To understand why, consider a slightly different setup when you are so well-organized that you make firm plans for your pub choices both for today and tomorrow based on the last two visits. Then, you can select any possible permutations of pubs visited for two days in a row. The result is a fully populated 9 by 9 matrix that maps your choices for the last two days into those for the next two days. However, in our original problem we make the decision every day, so our future state is constrained by what happened today: at the next time step (tomorrow) today becomes yesterday, but it will be still a part of your definition of "today" at that time step, and relevant to what happens the following day. The situation is analogous to moving averages, or receding horizon procedures. As a result, from a given state, you can only move to three possible states (indicating your today’s choice of pubs), which means that each row of your transition matrix will have only three non-zero entries.
Let us tally up the number of parameters that characterize each problem: the zero- order Markov model with three states has two independent parameters (probabilities of hitting the first and the second pub, as the probability of visiting the third pub is the complement of the first two). The first-order Markov model has a fully populated 3 by 3 matrix with each column summing up to one (again, indicating that one of the pubs will always be visited at any given day), so we end up with six independent parameters. The second-order Markov model has 9 by 9 matrix with each row having only 3 non-zero entries and all columns adding to one, so we have 18 independent parameters.
We can continue defining higher-order models, and our state space will grow accordingly.
Importantly, we can further refine the concept by identifying important features of the past and use only those features to define the present, i.e. compress the information about the past. This is what I referred to in the beginning. For example, instead of remembering all history we can only keep track only of some memorable events that impact our choice, and use this “sufficient statistics” to construct the model.
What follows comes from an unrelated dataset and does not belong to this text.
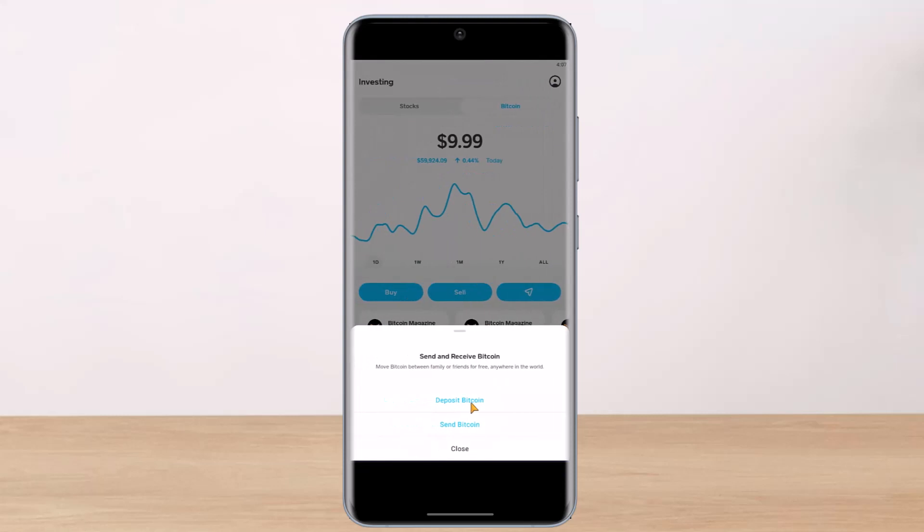Now, once you've verified, if you go ahead and click on the same icon again, you'll now be able to see the options 'Deposit Bitcoin' or 'Send Bitcoin,' which we weren't able to do earlier. Now you can go ahead and send Bitcoin, and that's all it takes to verify your Cash App to send Bitcoin.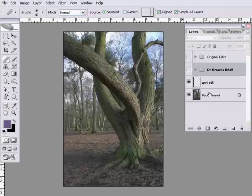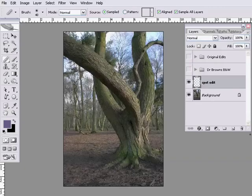I'll group those layers up and turn them off. Let's try the final method — my normal way of doing black and white conversions. I personally think this gives the most flexibility.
It all boils down to the way you define relevant variables (state space), and the Markov concepts naturally follow from the underlying fundamental mathematics concepts. First-order (linear) relationships (and associated linear algebra operations) are at the core of most current mathematical applications. You can look at a polynomial equation on n-th with a single variable, or you can define an equivalent first-order (linear) system of n equations by defining auxiliary variables. Similarly, in classical mechanics you can either use second-order Lagrange equations or choose canonical coordinates that lead to (first-order) Hamiltonian formulation http://en.wikipedia.org/wiki/Hamiltonian_mechanics
Finally, a note on the steady-state vs. transient solutions of Markov problems. An overwhelming amount of practical applications (e.g., Page rank) relies on finding steady-state solutions. Indeed, the presence of such convergence to a steady state was the original motivation for A. Markov for creating his chains in an effort to extend the application of central limit theorem to dependent variables. The transient effects (such as hitting times) of Markov processes are significantly less studied and more obscure. However, it is perfectly valid to consider Markov prediction of the outcomes at the specific point in the future (and not only the converged, “equilibrium” solution).